### [WHAT TO WORK ON]
What is needed is an exact transcription of the listing, with the images removed.

### [EXTRACTED INFORMATION]
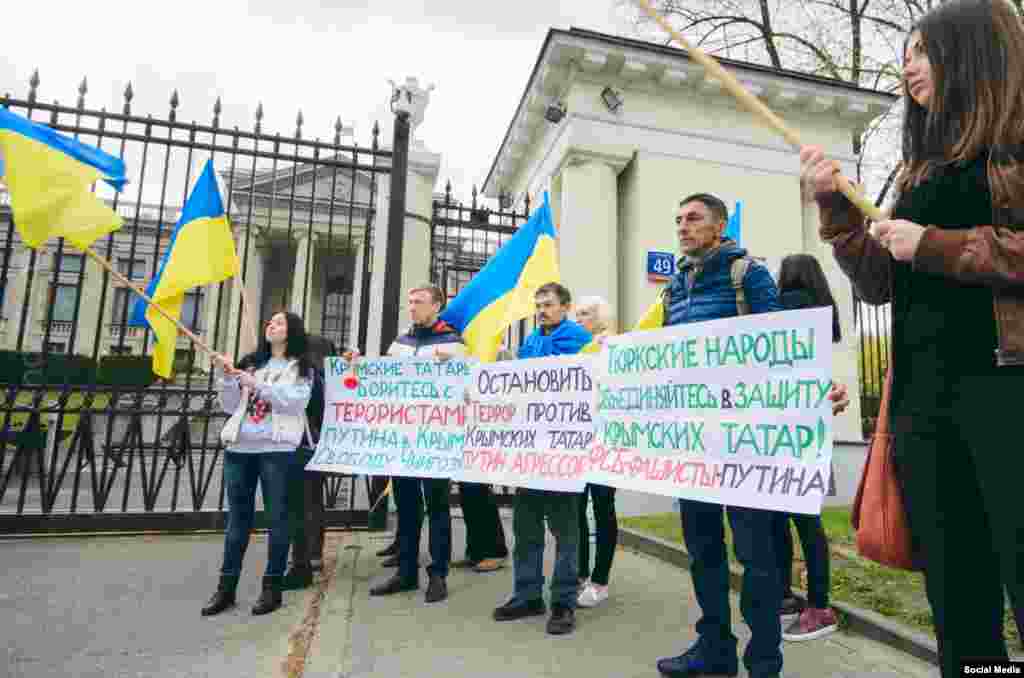 Украинцы Польши провели в Варшаве акцию в поддержку Крыма, 19 апреля 2015 года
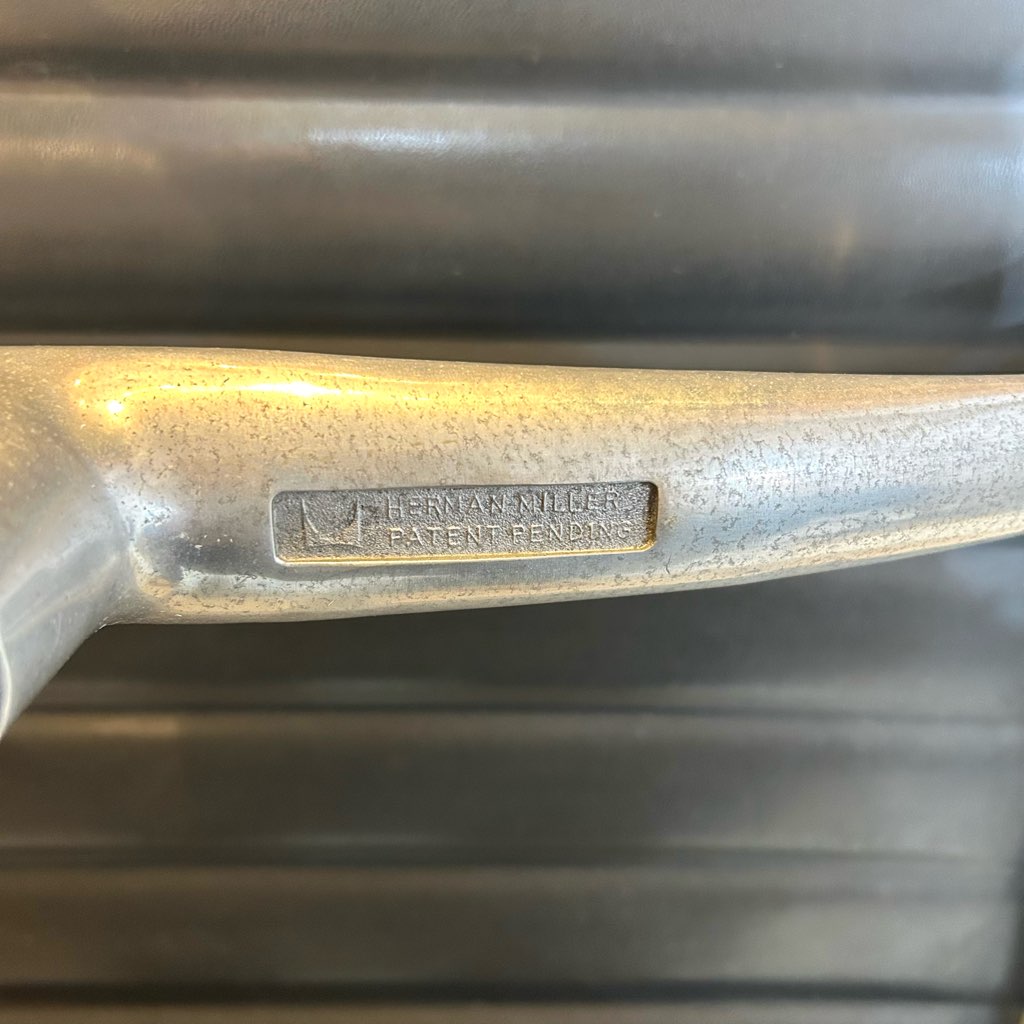 ハーマンミラー / Herman Miller アルミナムグループ オットマン 4スターベース ヴィンテージ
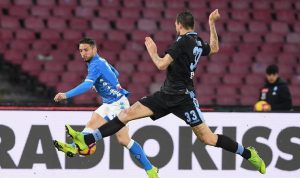Napoli atasi Lazio 2-1.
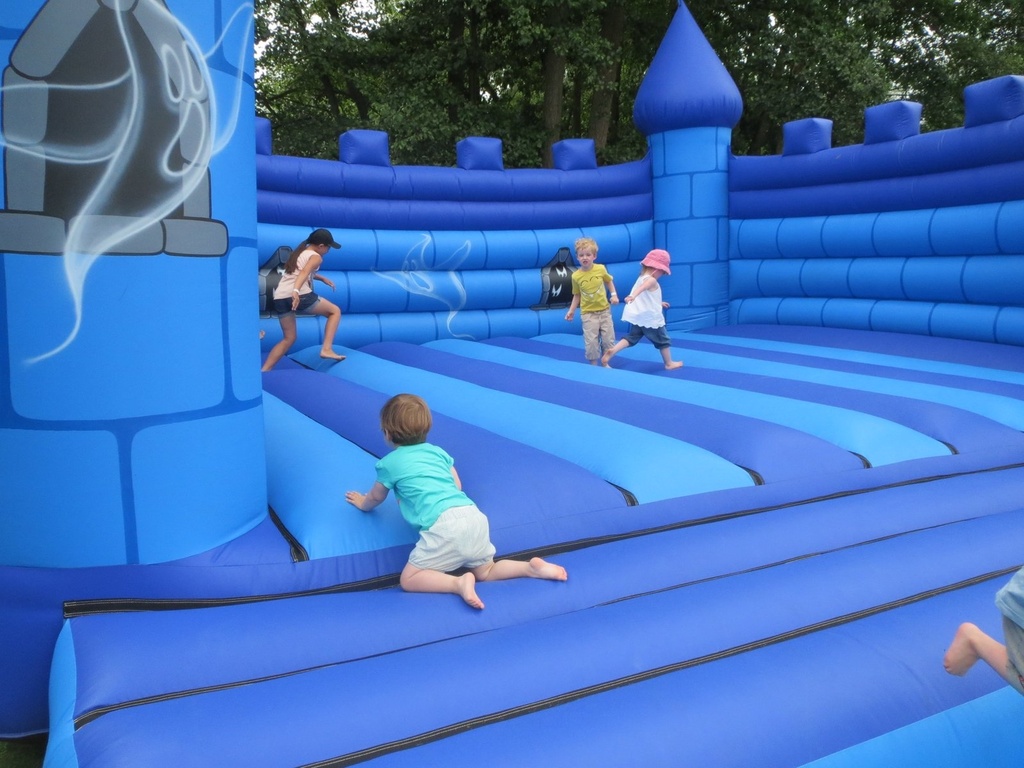 Bouncy castle by g3xbm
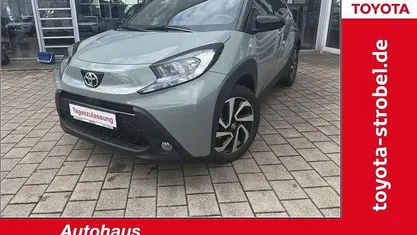 Urban khaki, dach mysticschwar Neu 2025 Toyota Aygo X SUV | 18.780 € (Fairer Preis)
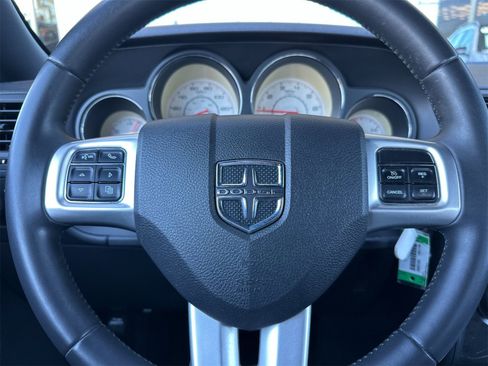 Used 2013 Dodge Challenger SXT image 22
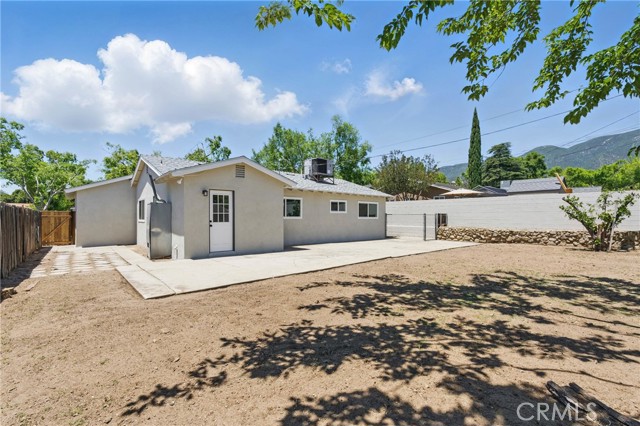 Detail Gallery Image 19 of 32 For 5105 Acacia Ave, San Bernardino,  CA 92407 - 3 Beds | 2 Baths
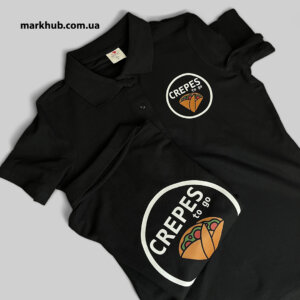 Черные футболки с нанесением яркого изображения или логотипа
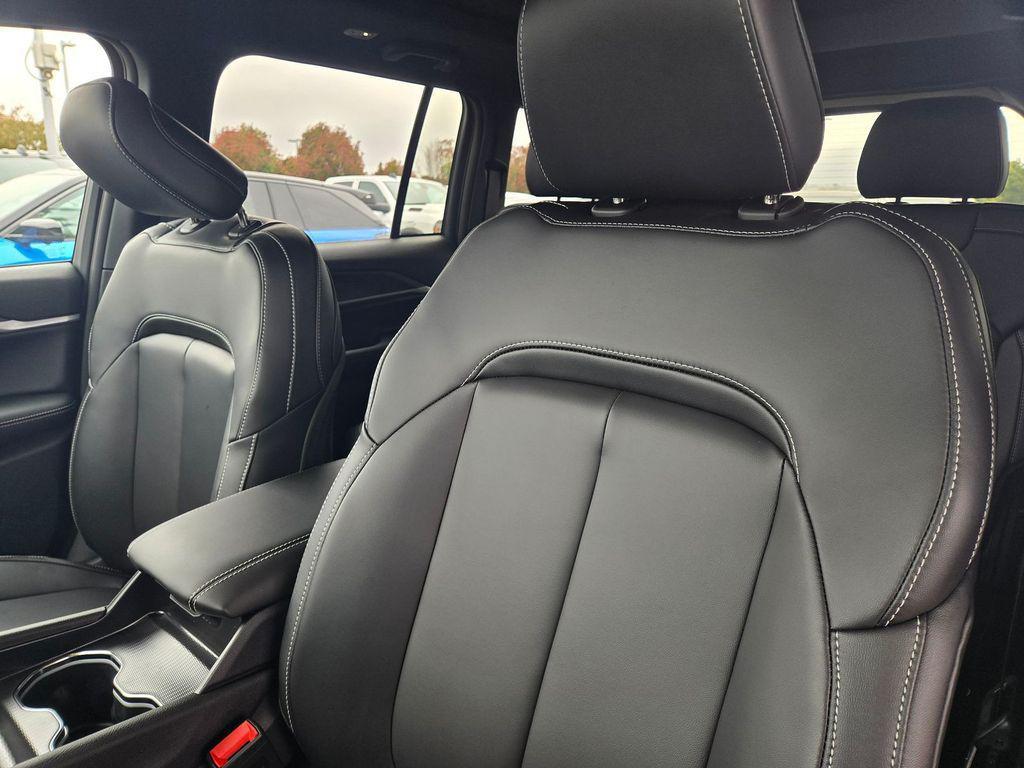 new 2025 Jeep Grand Cherokee car, priced at $42,995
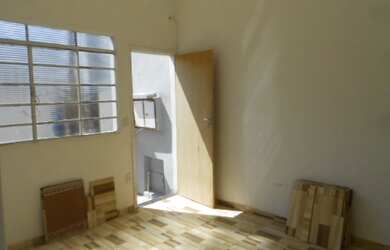 Imagem 5: CASA TÉRREA COM 2 DORMITÓRIOS E 2 VAGAS AO LADO DO TERMINAL COLÔNIA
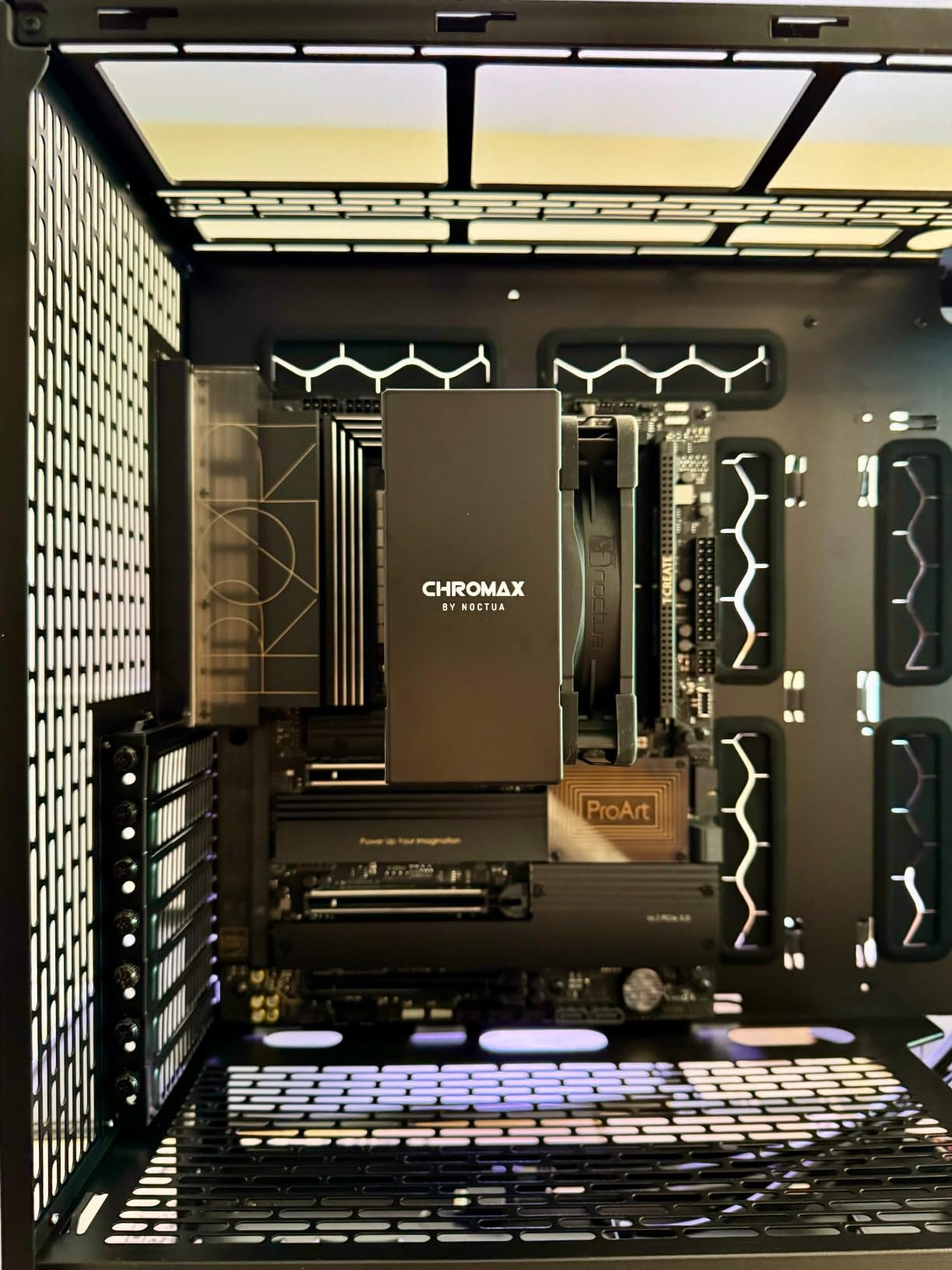 Noctua NH-U12A chromax.Black, 120mm Single-Tower CPU Cooler (Black) customer photo 1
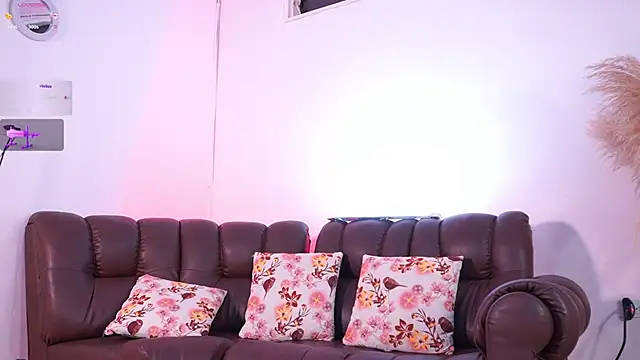 lara giraldo online show from October 2025 11:58:01 PM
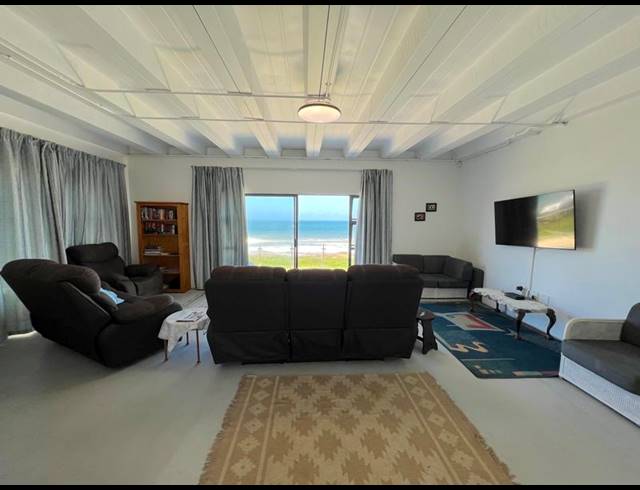 5 BEDROOM HOUSE FOR SALE IN UVONGO BEACH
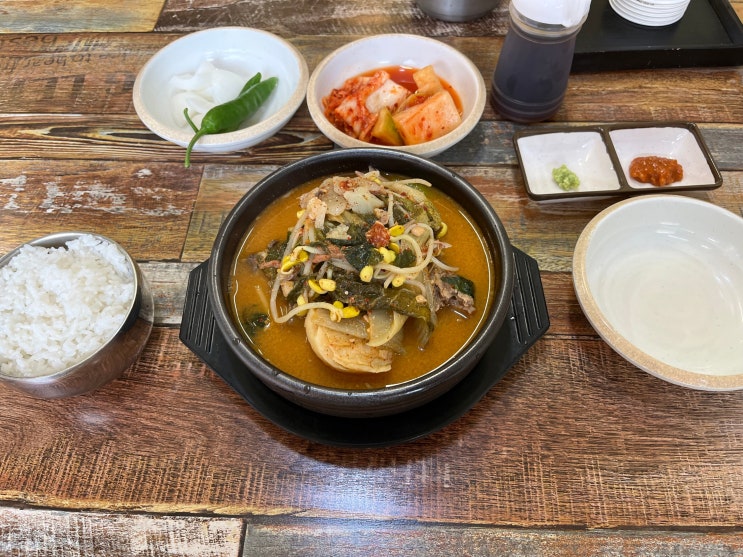  정식 오픈하기 전에 어쩌다 먹어본, 오대산 감자탕 (사창시장 안에 있음)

### [YOUR SOLUTION]
 Украинцы Польши провели в Варшаве акцию в поддержку Крыма, 19 апреля 2015 года
 ハーマンミラー / Herman Miller アルミナムグループ オットマン 4スターベース ヴィンテージ
Napoli atasi Lazio 2-1.
 Bouncy castle by g3xbm
 Urban khaki, dach mysticschwar Neu 2025 Toyota Aygo X SUV | 18.780 € (Fairer Preis)
 Used 2013 Dodge Challenger SXT image 22
 Detail Gallery Image 19 of 32 For 5105 Acacia Ave, San Bernardino,  CA 92407 - 3 Beds | 2 Baths
 Черные футболки с нанесением яркого изображения или логотипа
 new 2025 Jeep Grand Cherokee car, priced at $42,995
 Imagem 5: CASA TÉRREA COM 2 DORMITÓRIOS E 2 VAGAS AO LADO DO TERMINAL COLÔNIA
 Noctua NH-U12A chromax.Black, 120mm Single-Tower CPU Cooler (Black) customer photo 1
 lara giraldo online show from October 2025 11:58:01 PM
 5 BEDROOM HOUSE FOR SALE IN UVONGO BEACH
  정식 오픈하기 전에 어쩌다 먹어본, 오대산 감자탕 (사창시장 안에 있음)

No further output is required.